Sunday, February 26, 2012

Using laziness to improve the performance of Haskell programs

To improve the performance of a program the only solution is to reduce the amount of work it does. In Haskell we have three options:

  1. Replace an algorithm and/or data structure by one with performance characteristics more suited to our problem. It'll work less because the algorithms work less.
  2. Add strictness to the program so it don't unnecessarily delay computations. It'll work less by not working on thunk creation and such.
  3. Add laziness to the program so it don't do unnecessary computations. It'll work less by not doing some work that will never be used.
Option 1 is usually the only one available in strict programming languages. Option 2 is the usual candidate when Haskell people are talking about improving performance. Option 3 is known, but as it seems counter intuitive when we're trying to optimize for performance we tend to forget about it. It's a great tool to use in some situations and it's always good to think about it.

Suppose we have, inside our program, a function that checks some property of a data structure and depending on the result of this property we branch the flow. Let's say we use the following property:
prop xs = length xs > 2
If the list has at least three elements the property is True, otherwise False. The problem here is we fold the entire list to find its length. Thanks to laziness we are only going through the spine of the list not the actual elements (which may do expensive computations on their own) but it's a waste to do all this work to check if the list has at least three elements. The following program does the same computation and works much less:
prop (_:(_:(_:_))) = True
prop _             = False
The pattern only traverses at most three conses of the list. Testing both versions in GHCi demonstrate the performance improvement. It seems a fact of life that these transformations are necessary, but actually this is due to some unnecessary strictness outside our program.
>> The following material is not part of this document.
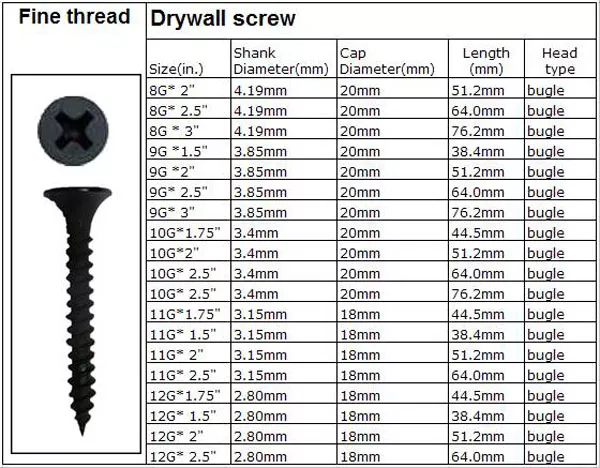 3.5x25mm black self-drilling drywall tool screw coarse thared 6x1 1/4 2 inches with pvc washer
We only need to write down this new version because length returns an Int which is a strict, unboxed, value in GHC. So to check if length xs > 2 we need to compare two strict values which need to be fully evaluated, so length must be fully evaluated.

Now that we found the culprit, what can we do? As usual we are saved by theory and it's paladin. Let's digress a bit and find a lazier number representation.
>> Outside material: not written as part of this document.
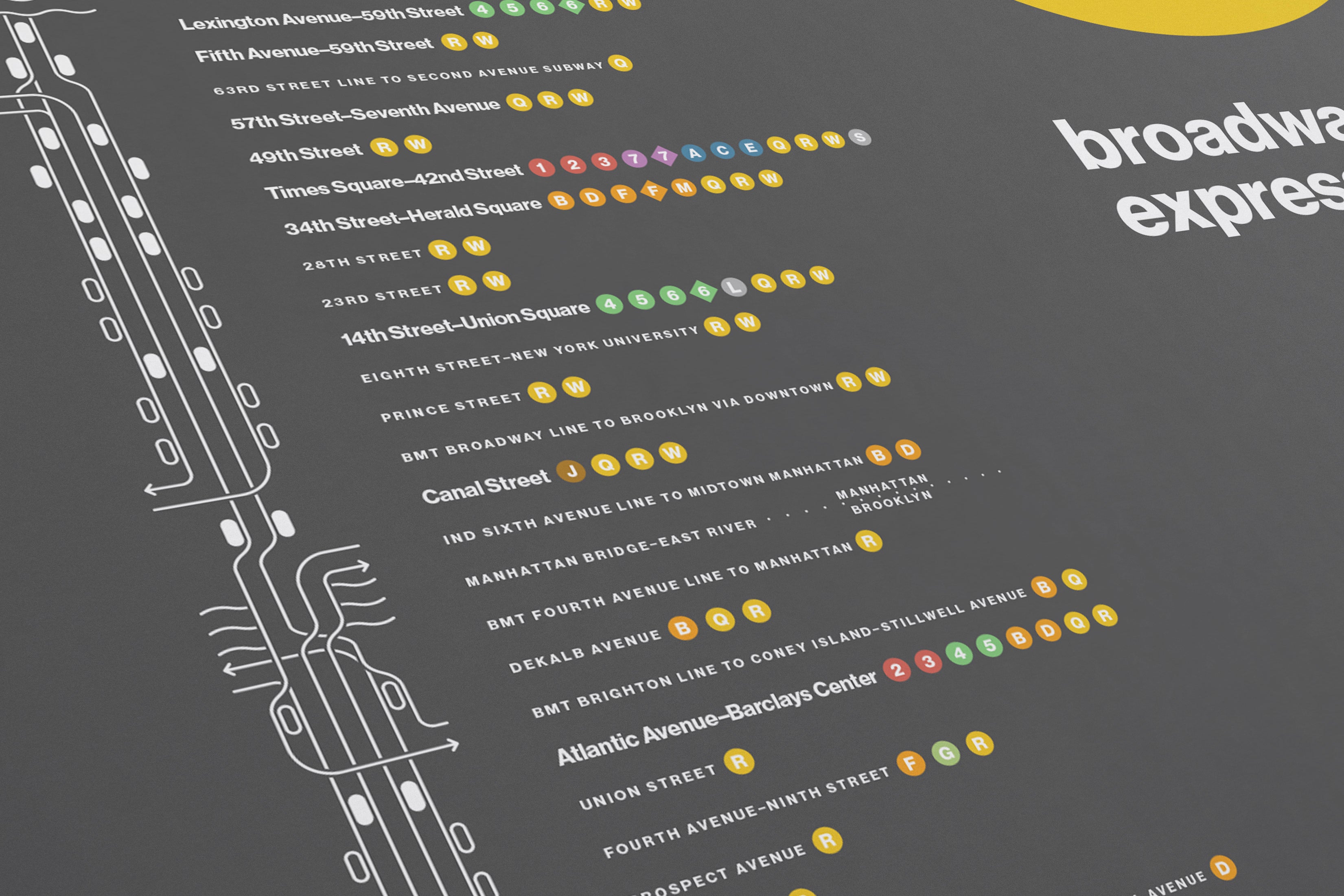 N Train Map / NYC  Subway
The length of a list is natural number, not an integer. There's no list with negative length, it makes no sense. If we use the Peano axioms to express natural numbers we end up with the following datatype:
data N = Z   -- A natural N is either zero (Z)
       | S N -- or the sucessor of a natural (S N)
Naturals have a total order:
instance Ord N where
    Z   <= _   = True
    _   <= Z   = False
    S x <= S y = x <= y
This formulation of the naturals is as lazy as we need. The comparison will only go as far as it needs, until we reach a zero on either side.

Now we restate the property, but using genericLength instead of length and using our natural number formulation (assume the usual Eq and Num instances for N):
prop xs = genericLength xs > (2 :: N)
Now the strictness problem disappears. If we think about this a bit we'll realize our earlier performance improvement is isomorphic to this, because the spine of a list is isomorphic to the natural numbers.

Let that sink in for  a while.

If we write prop using naturals, but in the second form we have this:
prop xs = case (genericLength xs :: N) of
    (S (S (S _))) = True
    _             = False
The only difference in the patterns is we're using S x instead of _:x. Remembering that _:x means we care only about the shape of the list not its contents it becomes clear that empty lists are equivalent to zero and a cons is equivalent to a successor.

Our optimization was just stating in long form the isomorphism between the spine of a list and natural numbers.

1 comment:

  1. Ah. Now I understand why you favourited my tweet! ;-)